Healthvana allows medical labs to send results directly to your phone. Users can get results quicker, prove a health status to partners and send medical records to a new physician.
For curable infections including chlamydia, gonorrhea and syphilis, Healthvana shows a positive or negative icon. A positive result for HIV triggers a phone call from your physician. Developers believe that a streamlined way to receive test results will encourage more people to take charge of their sexual health. Some of the app’s users feel it raises more questions than answers and doesn’t address some problems.

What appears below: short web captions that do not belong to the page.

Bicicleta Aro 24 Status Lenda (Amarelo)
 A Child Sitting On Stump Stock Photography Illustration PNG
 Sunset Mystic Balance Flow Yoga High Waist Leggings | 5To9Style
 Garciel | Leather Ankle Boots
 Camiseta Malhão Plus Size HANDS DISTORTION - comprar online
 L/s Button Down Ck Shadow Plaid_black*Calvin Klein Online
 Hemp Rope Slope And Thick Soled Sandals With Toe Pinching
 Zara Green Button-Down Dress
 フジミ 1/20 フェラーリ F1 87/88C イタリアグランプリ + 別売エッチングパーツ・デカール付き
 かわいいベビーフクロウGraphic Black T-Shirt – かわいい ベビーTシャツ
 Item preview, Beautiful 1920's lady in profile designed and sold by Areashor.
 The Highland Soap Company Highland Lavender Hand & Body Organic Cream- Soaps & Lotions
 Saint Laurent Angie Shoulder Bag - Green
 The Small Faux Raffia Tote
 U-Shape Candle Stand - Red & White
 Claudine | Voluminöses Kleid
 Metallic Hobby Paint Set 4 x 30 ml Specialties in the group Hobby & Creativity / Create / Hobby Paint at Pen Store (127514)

For instance, instead of facilitating face-to-face conversation, the app could be downloaded in order to avoid having to actually talk to a partner about their health status. It could become just another way to hide behind a screen. It’s the same lack of communication that fogs the issue of true consent; lack of conversation prior to sex leads to the assumption that the absence of “no” means “yes.”
If Healthvana facilitates discussion between potential sexual partners, it improves communication.
Healthvana could go either way. The app could provide a jumping off point for people to discuss sexual issues, or it could hide the conversation with profiles and messages.
Just another excuse to not have open dialogue.
Pratt dodged a number of dangerous sexual bullets. Following a few “Miss Right Nows” he finally found “Miss Right”.
“We’re engaged,” said Pratt.
It beats the digital alternative; promiscuity comes with a costly price tag.